Les États-Unis possèdent environ 8 133 tonnes d'or, soit 260,8 millions d'onces troy (selon la formule : 1 tonne = 32 150,7 onces troy). Au cours actuel de l'or, sa valeur marchande s'élève à environ 792 milliards de dollars (3 037 $ x 260,8 millions). Sa valeur comptable dépasse légèrement les 11 milliards de dollars (42,22 $ x 260,8 millions) , ce qui représente un gain potentiel de plus de 780 milliards de dollars (792 milliards de dollars – 11 milliards de dollars).
Comme on peut le constater, la réévaluation de ces certificats aux cours actuels de l'or pourrait libérer d'importants capitaux dormants. Une telle manne financière fournirait aux États-Unis les liquidités nécessaires pour mettre en place le SBR sans avoir recours aux fonds publics.
Surmonter les difficultés et explorer des solutions alternatives à la réévaluation des certificats d'or
Bien que les avantages financiers soient évidents, des questions subsistent quant à la possibilité de généraliser la réévaluation des certificats d'or. Une telle évolution pourrait susciter des réticences de la part de la Réserve fédérale et du Trésor américain, car elle risquerait d'influencer la politique monétaire et les anticipations d'inflation.
De plus, toute modification de la valeur des réserves d'or pourrait engendrer des complications juridiques et comptables nécessitant l'approbation du Congrès. Les détracteurs font valoir que la réévaluation de l'or ne crée pas de richesse nouvelle, mais se contente de modifier les indicateurs comptables, ce qui en fait un sujet politiquement sensible.
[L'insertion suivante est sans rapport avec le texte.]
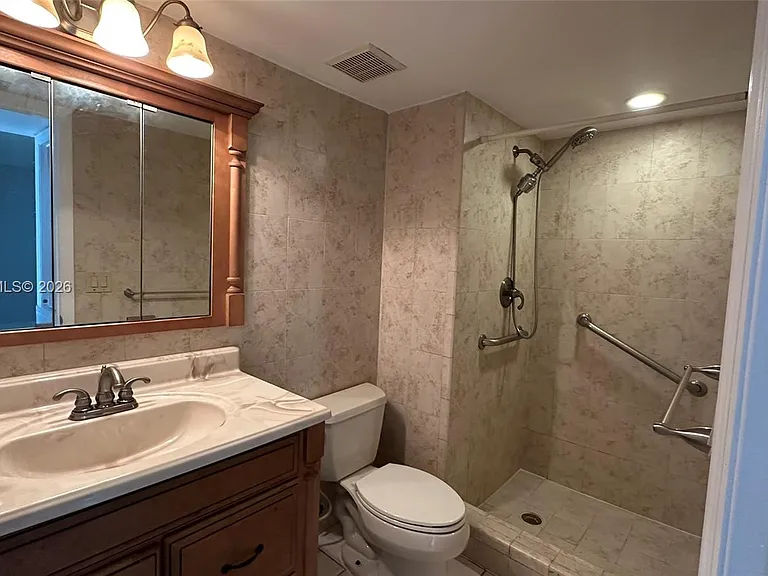 16551 Blatt Blvd #204 — Photo 11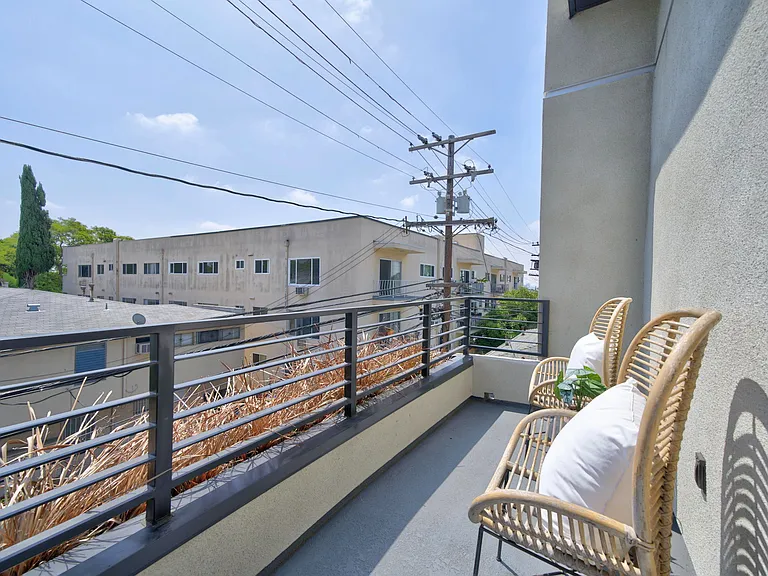 1204 S Orange Grove Ave — Photo 26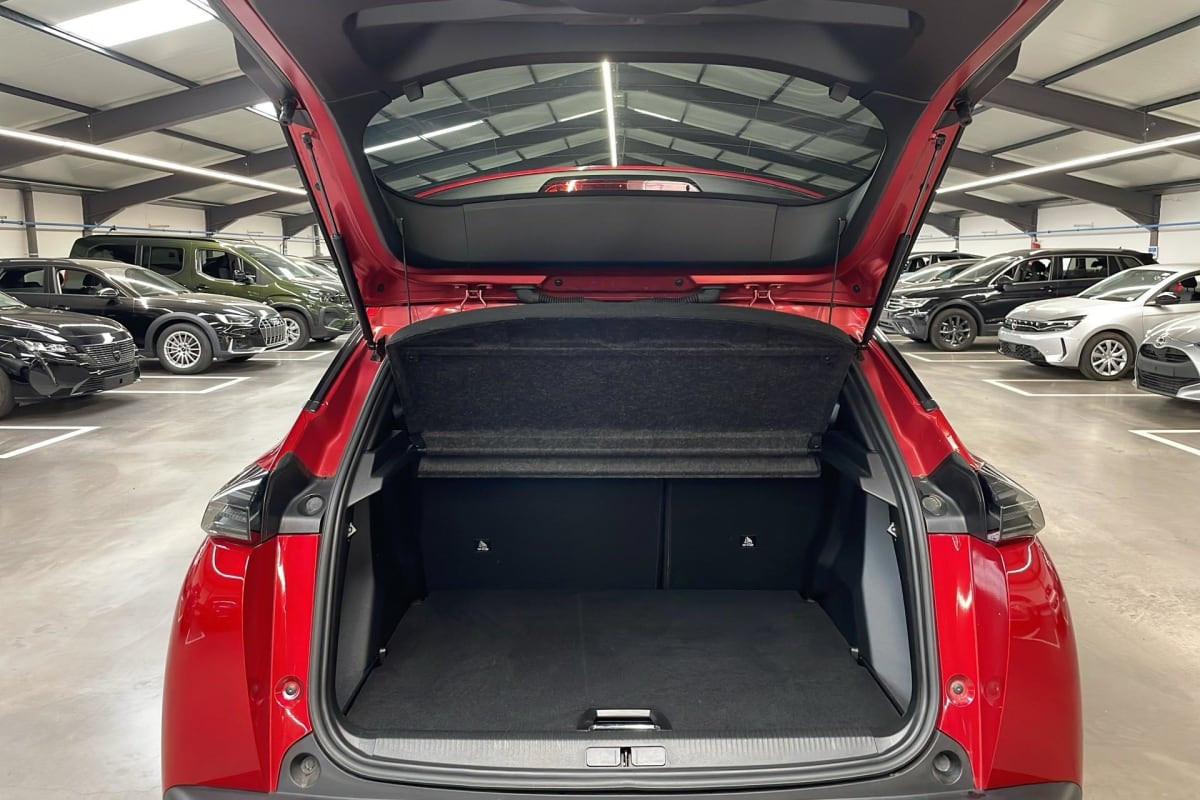 Vente en ligne Peugeot 2008 PureTech 100 S S BVM6 Allure au prix de 18 210 €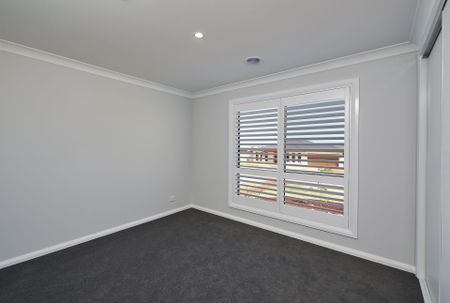 Stylish & Perfectly Positioned - Photo 4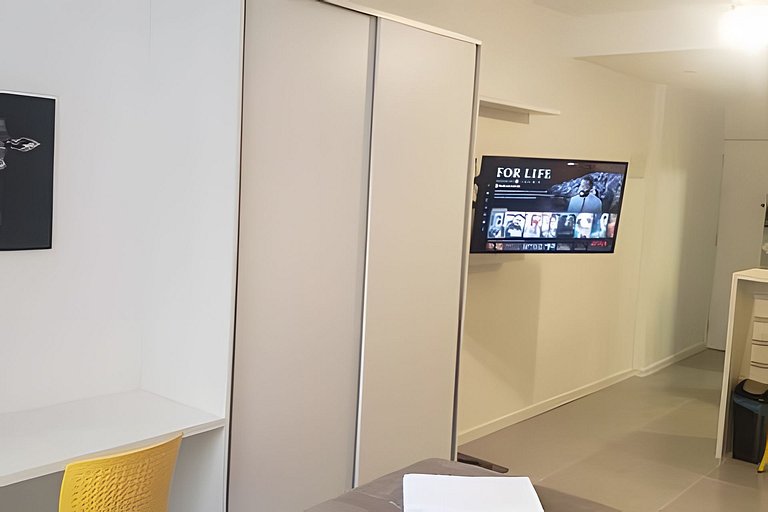 Studio em Copacabana Menos de 100 metros da Praia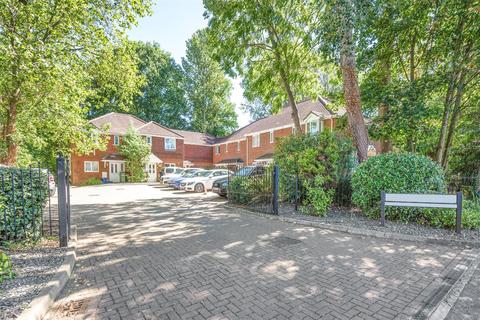 7 Riverhill Mews, Worcester Park, KT4 7AG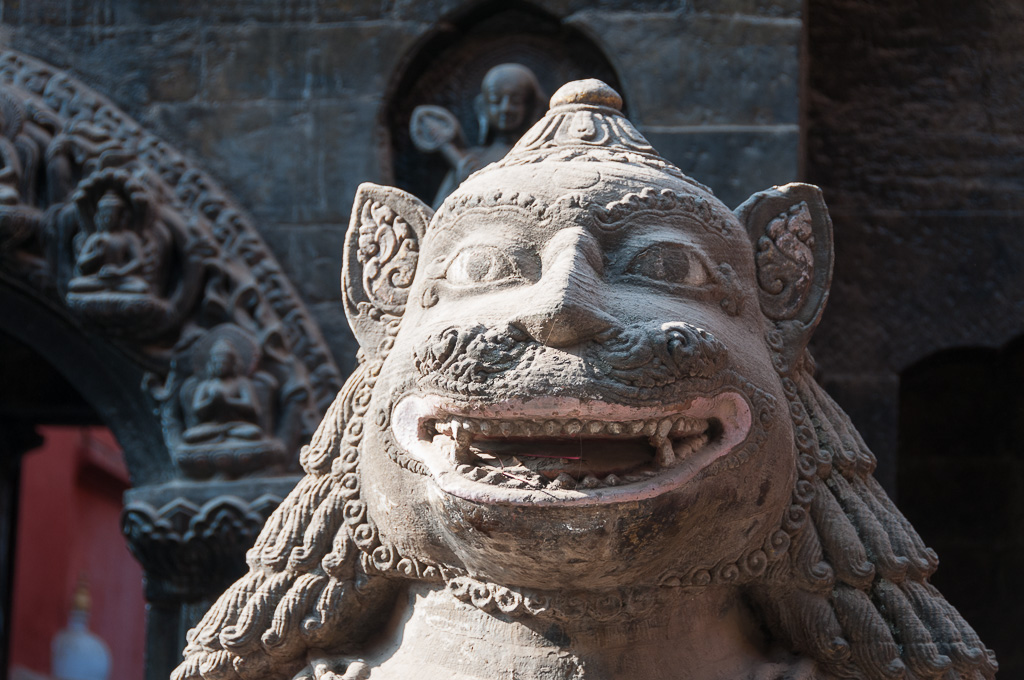 A Buddhist Sunday – Lions, Snakes and&nbsp;Dragons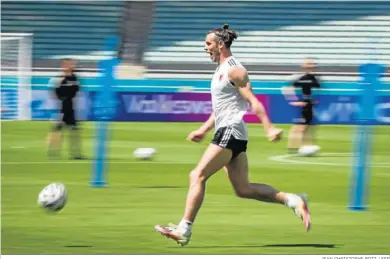  ?? JEAN CHRISTOPHE BOTT / EFE ?? Gareth Bale, durante un entrenamie­nto en Baku con la selección galesa.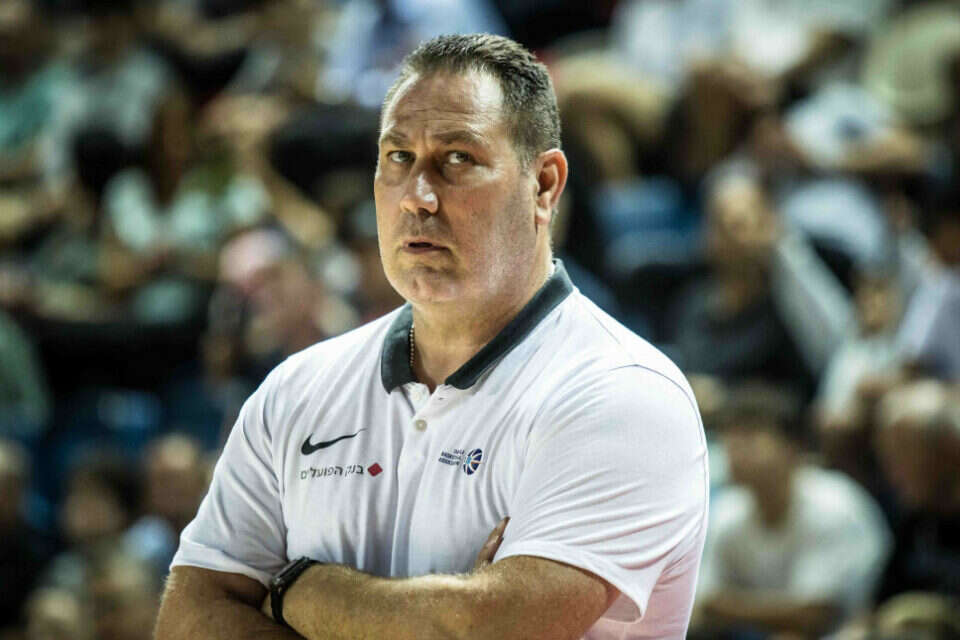 גיא גודס. עם הפנים לפינלנד , עודד קרני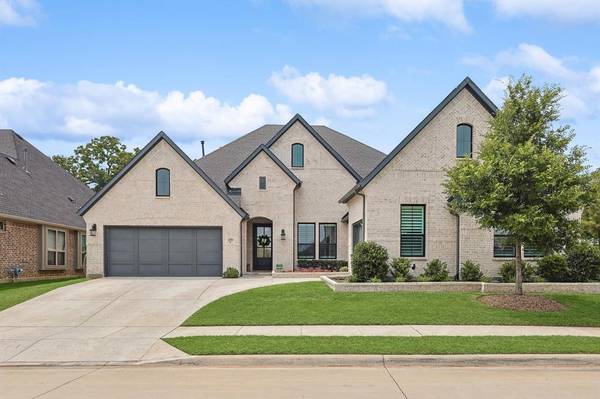 280 Waters Edge Drive, Argyle, TX 76226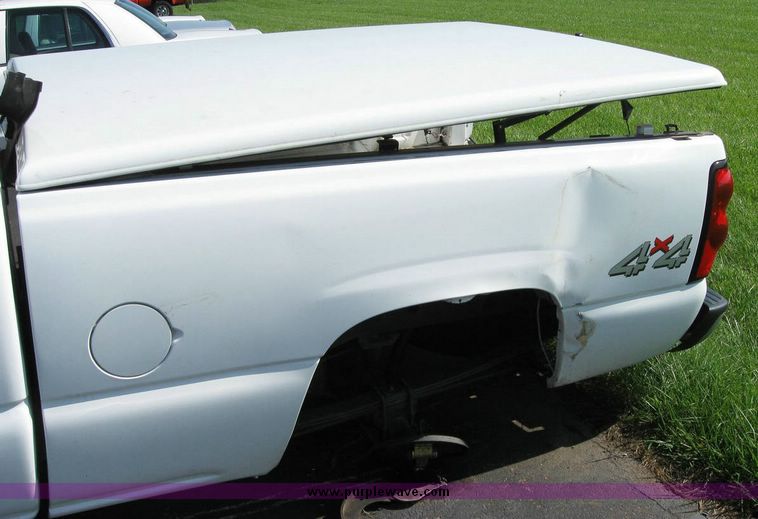 image for item 8166 2005 Chevrolet K1500 Silverado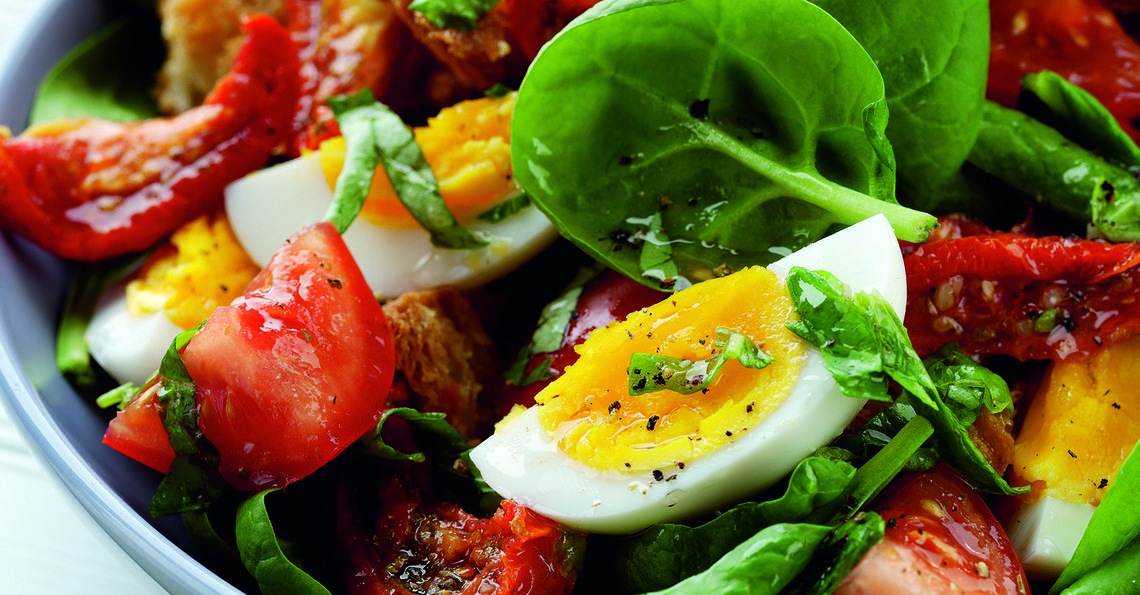 Egg and spinach salad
La réévaluation des certificats d'or est une optiontron, mais d'autres approches à budget constant méritent d'être envisagées. Les États-Unis pourraient, par exemple, envisager d'émettre des obligations adossées Bitcoin, comme l'a fait le Salvador, ou allouer une partie des actifs confisqués lors d'activités criminelles liées aux cryptomonnaies au financement de la réserve.
D'autres experts ont proposé de tokeniser des segments d'actifs fédéraux et de permettre aux investisseurs privés de contribuer au SBR via des méthodes de finance décentralisée (DeFi).